Set down, exactly as written, the lines from the line holding "Linen Stripe Maxi Skirt" to the end of the data, inclusive, skipping any pictures.

━━ Data in this exercise

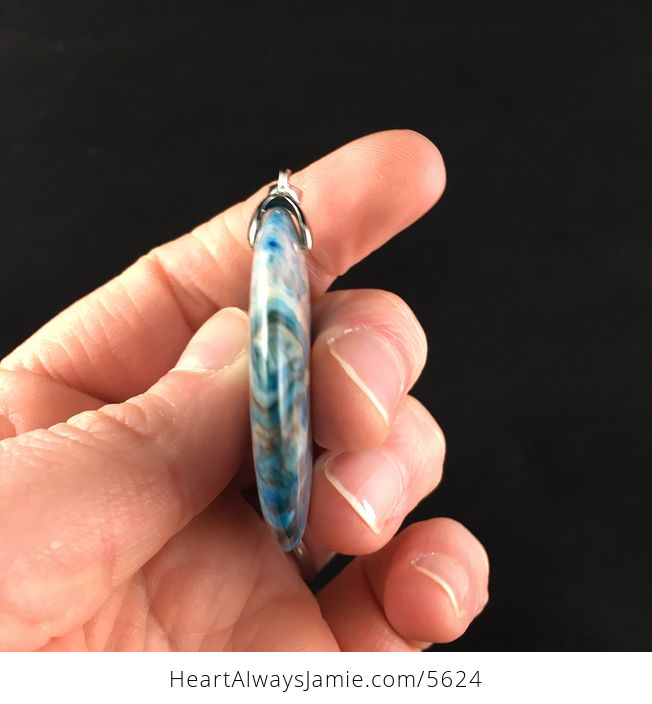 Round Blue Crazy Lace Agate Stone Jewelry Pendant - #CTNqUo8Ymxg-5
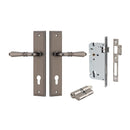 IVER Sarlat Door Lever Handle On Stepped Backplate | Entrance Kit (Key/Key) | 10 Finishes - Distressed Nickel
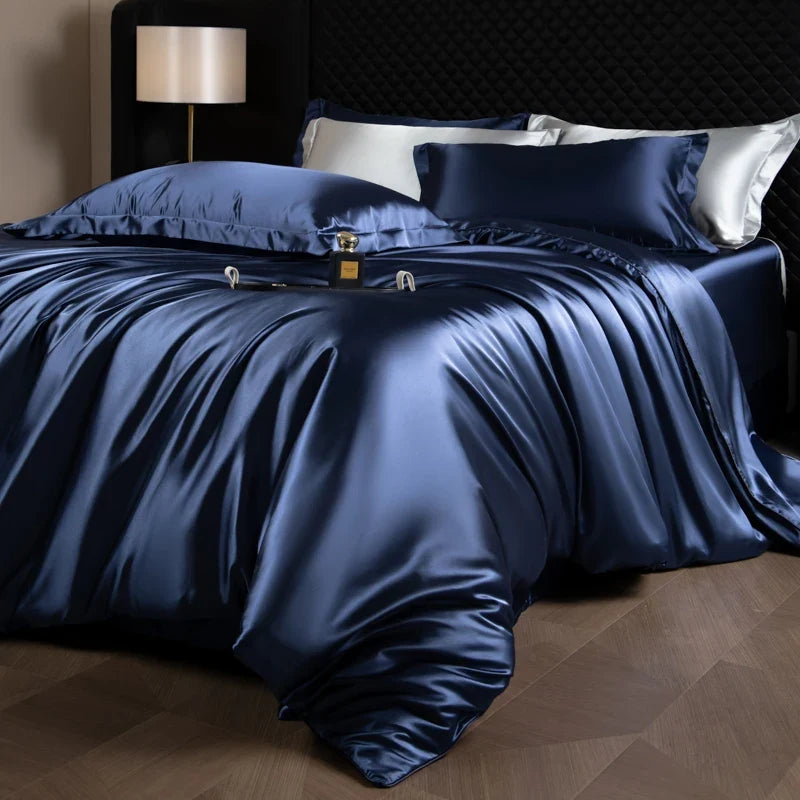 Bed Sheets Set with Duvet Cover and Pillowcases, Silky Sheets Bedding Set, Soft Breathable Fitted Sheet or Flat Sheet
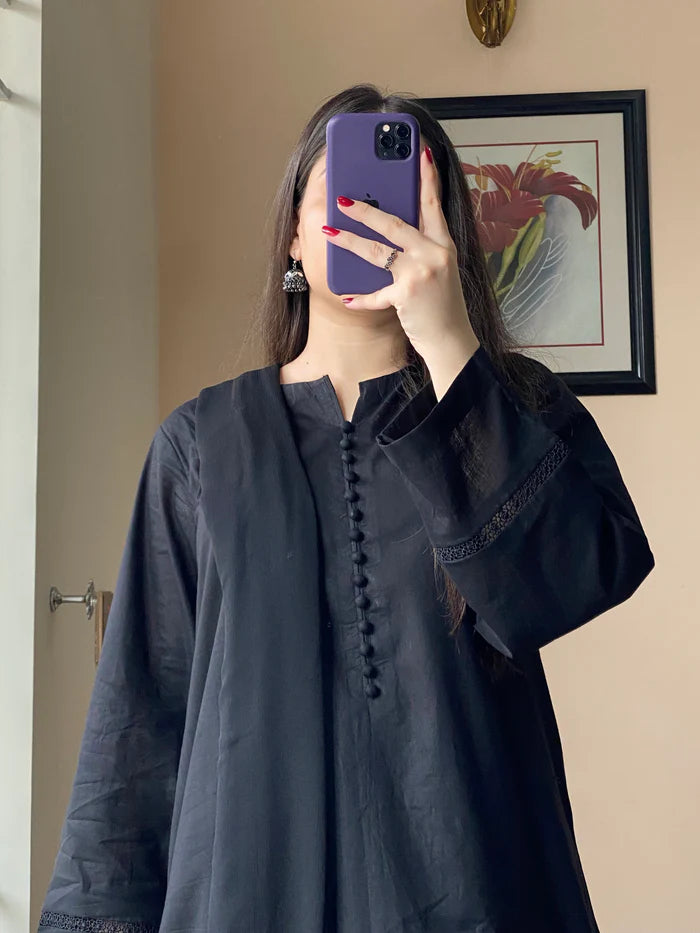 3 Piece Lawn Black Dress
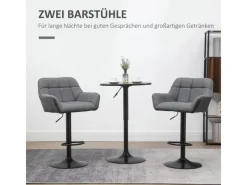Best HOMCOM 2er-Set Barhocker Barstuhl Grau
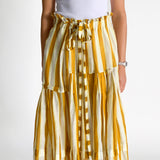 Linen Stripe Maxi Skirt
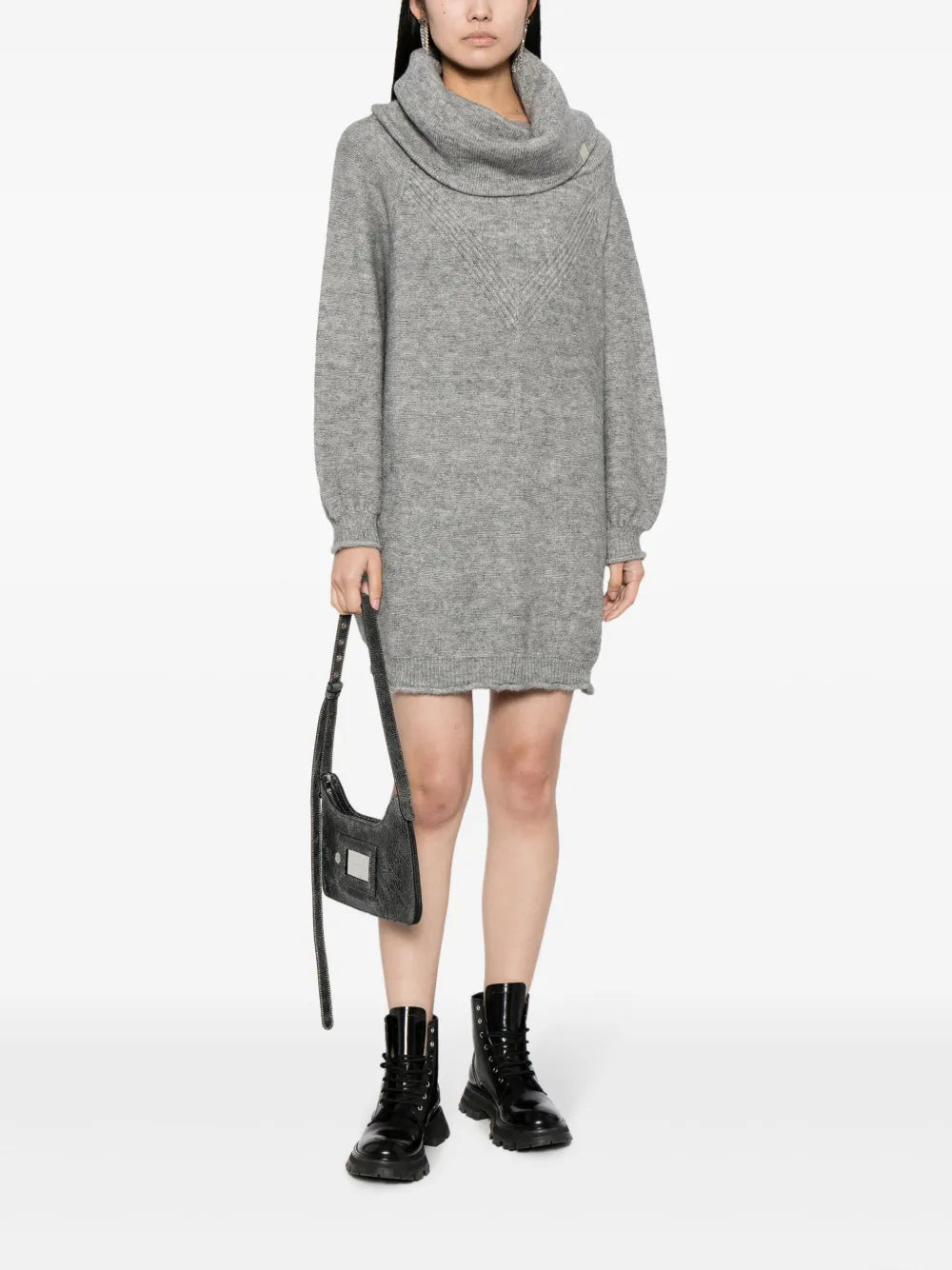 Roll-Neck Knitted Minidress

━━━━

** Written response **
 Linen Stripe Maxi Skirt
 Roll-Neck Knitted Minidress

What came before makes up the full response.